Now, I’m not saying this is the path to take, but it’s a path some hotels have chosen. And while it might pad the bottom line temporarily, it’s a risky game. Guests today are savvier than ever. They’ll catch on to these tactics and share their experiences on social media faster than you can say “reputation management nightmare.” So, before you start tinkering with rates, ask yourself if it’s worth the potential damage to your hotel’s reputation.

In a recent email to hotel owners, Hilton executives expressed support for the bipartisan Hotel Fees Transparency Act introduced in the U.S. Senate. The act seeks to enhance transparency in hotel pricing for consumers. Hilton committed to advocating for upfront fee-inclusive pricing on all booking platforms, ensuring fair competition within the industry. They also pledge to promptly update their technology to display mandatory fees upfront on their websites and apps. This email shed light on the issue of hidden fees often used unethically in revenue management and emphasizes Hilton’s proactive approach to transparency and honesty in revenue practices. I’d recommend others follow the same path.

The ‘Drip Pricing’ Dilemma

Ah, drip pricing, the art of gradually revealing hidden charges during the booking process. It’s like peeling an onion; every layer reveals a new cost. But here’s the catch: most guests don’t like onions, especially when they’re crying over unexpected fees.

Sure, it might increase your revenue in the short term, but it’s a short-sighted approach. The backlash from frustrated guests can be fierce. They’ll vent their anger online, and your hotel will become synonymous with hidden fees and distrust. Is that the reputation you want?

The drip pricing dilemma hit me squarely in the face during a recent hotel booking for an upcoming convention in Las Vegas. Initially relieved to secure what seemed like a decent room rate, I started to believe I might actually emerge from this unscathed. But my optimism quickly evaporated when the final price at the bottom of my screen revealed an exorbitant 30% surge in additional fees! It was as if the fees had been lurking in the shadows, waiting for their grand reveal… at my expense. The irony would be in telling you which brand this hotel belongs to.

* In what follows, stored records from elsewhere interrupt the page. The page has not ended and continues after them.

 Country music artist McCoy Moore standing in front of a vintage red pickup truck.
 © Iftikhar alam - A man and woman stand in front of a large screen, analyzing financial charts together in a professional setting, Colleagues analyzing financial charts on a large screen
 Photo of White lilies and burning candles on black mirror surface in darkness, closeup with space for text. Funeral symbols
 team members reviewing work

Online Travel Agencies (OTAs) and the Rate Parity Dance

Now, let’s talk about our friends from online travel agencies (OTAs). They’ve become a necessary evil for many hotels. But here’s where things get tricky. Rate parity agreements can sometimes feel like a straightjacket for revenue managers. You’re forced to maintain the same rates across all distribution channels, limiting your pricing flexibility.

But guess what? There are ways to work around it, bending but not breaking the rules. Some hotels offer “secret” discounts to guests who book directly, using clever codes or special promotions. It’s like having your cake and eating it too. You maintain rate parity with the OTAs while giving direct bookers a little extra incentive.

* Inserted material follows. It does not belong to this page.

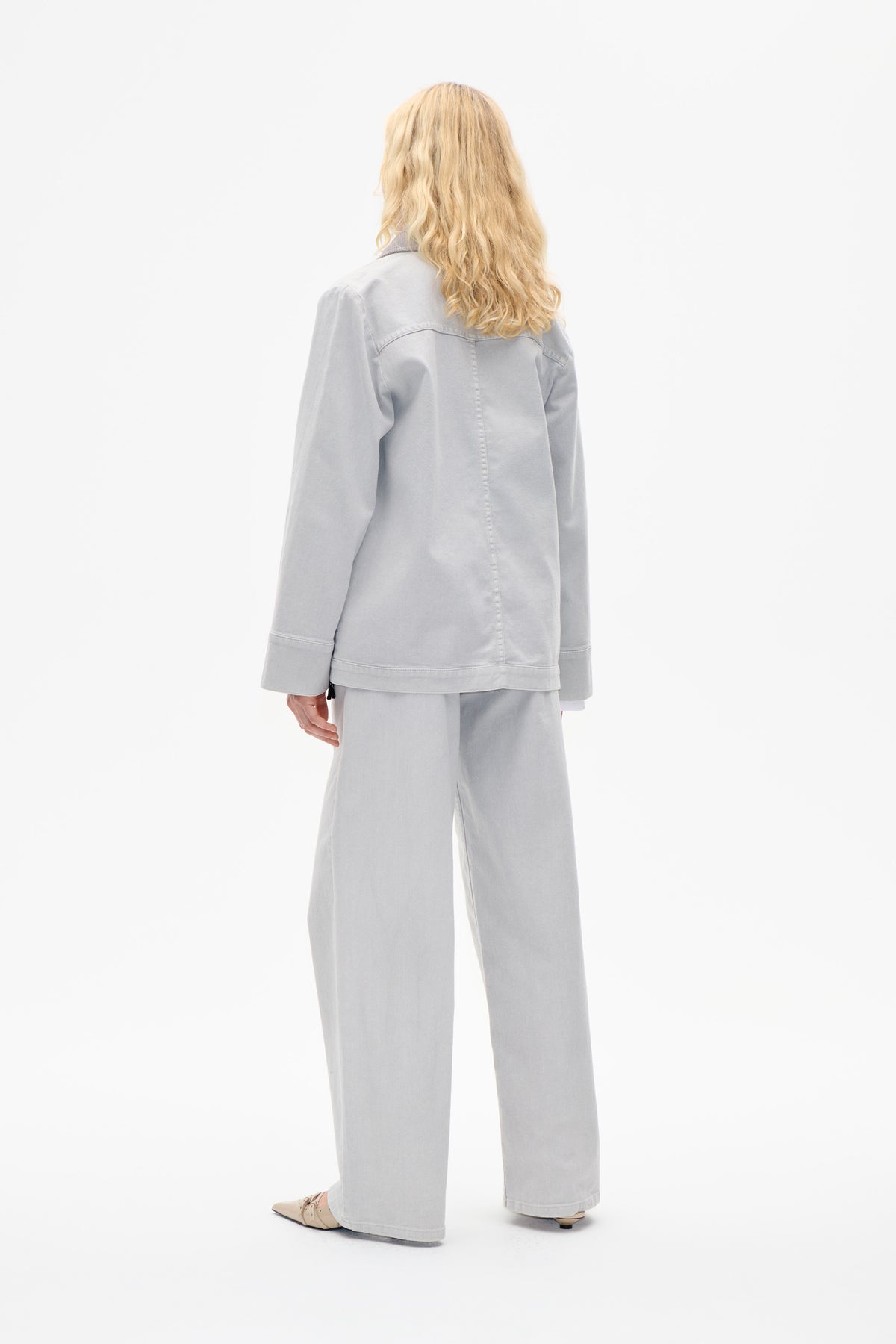 Back view of a model wearing a pale grey jacket with seam details and matching wide-leg trousers.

But is it ethical? Well, that’s a gray area. Some argue it’s a smart move, while others see it as gaming the system. It’s a classic case of revenue management walking the tightrope of ethics.

The Overselling Conundrum

Overselling rooms can be a tempting strategy, especially during peak seasons. You figure that a few no-shows won’t hurt, right? But what happens when everyone shows up, and you’re left with disgruntled guests and nowhere to put them?

It’s a risky game of probability that can backfire spectacularly. Overselling might boost revenue temporarily, but the cost of compensating irate guests and dealing with the fallout can outweigh the benefits. Plus, it’s just not cool to leave someone high and dry with no room on a Friday night.

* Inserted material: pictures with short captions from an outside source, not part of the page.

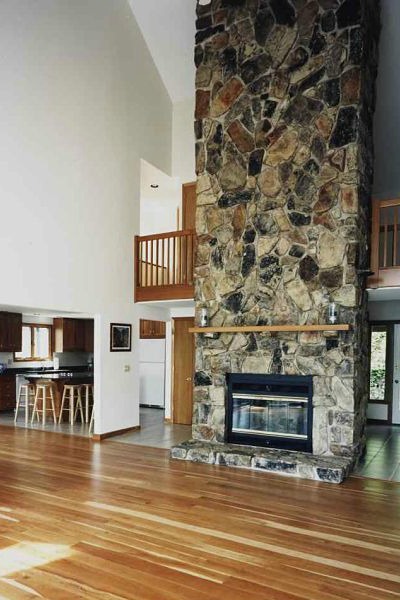 floor-to-ceiling stone fireplace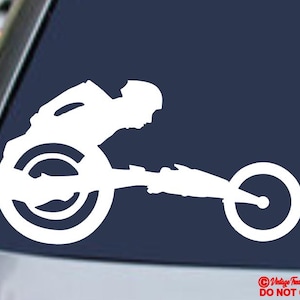 May include: White vinyl decal of a wheelchair racer in action, depicted in a dynamic, streamlined silhouette. The design features a racing wheelchair with large rear wheels and a smaller front wheel, set against a dark blue background.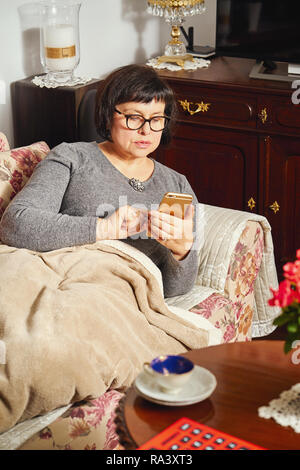 attractive elderly woman lying on the couch and surfing the internet at home. Stock Photo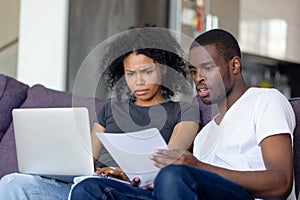 Shocked African American couple receiving bad news, reading letter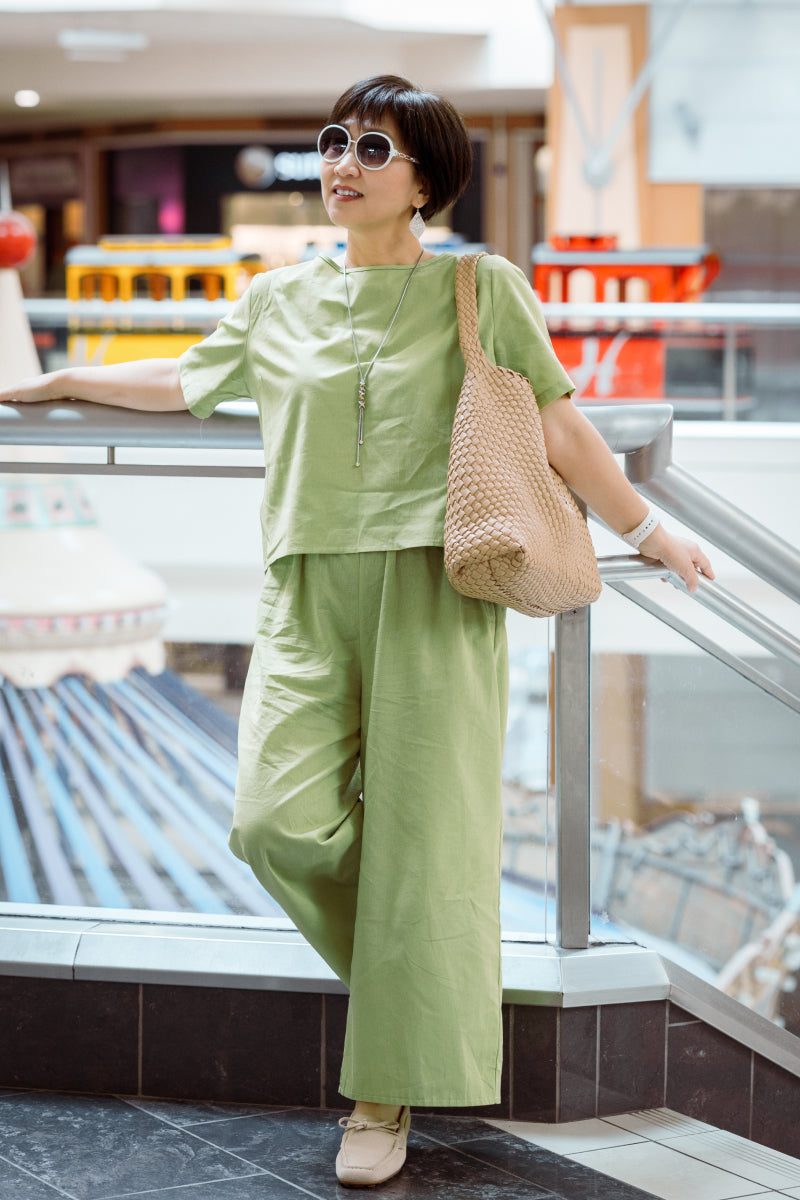 Woman wearing light green loose fit co-ord set with wide-leg pants and short sleeve top in casual urban setting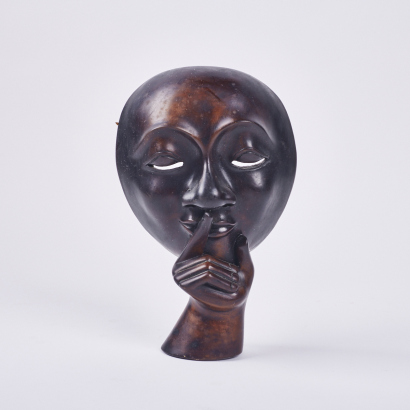 A Hardwood Carving Of A Whispering Face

Now, speaking from my own perspective, I believe that a certain degree of overbooking can indeed be a necessary component of a proper revenue management strategy. After all, it’s challenging to predict with absolute certainty how many guests will show up on any given day. However, and this is crucial, if you’re going to employ this strategy, it must be done with strict limits in place, and someone needs to be watching this closely.

Setting a cap on the number of rooms that can be overbooked ensures that you don’t find yourself in a situation where you can’t accommodate everyone. And having diligent oversight is essential to prevent overbooking from becoming a high-stakes gamble that risks guest satisfaction and your hotel’s reputation. Properly managed, overbooking can be a tool to optimize revenue, but it’s a tool that requires a steady hand and a watchful eye.

Playing with Availability

Manipulating room availability is another ethically murky area. By making it seem like rooms are scarce, you create a sense of urgency that encourages guests to book quickly. It’s a psychological trick that can be highly effective, but it also flirts with deception.

Guests who feel rushed or pressured into making a decision may not have the best experience. They might resent feeling manipulated and may not return to your hotel. It’s a fine line to walk – creating urgency without resorting to manipulation.

One notable player in this urgency-inducing game is the Online Travel Agencies (OTAs). They are notorious for stoking that feeling of scarcity by displaying messages like, “Only a few rooms left at this rate!” While this tactic can indeed prompt bookings, it can also leave guests questioning the authenticity of such claims. They might wonder if there are genuinely only a few rooms left or if it’s just a ploy to get them to click that “book now” button.

In the end, it’s essential to strike a balance between creating a sense of urgency and maintaining trust with your guests, ensuring that they feel genuinely informed and empowered in their booking decisions. I’d recommend you find a better role model than the OTA’s for this one.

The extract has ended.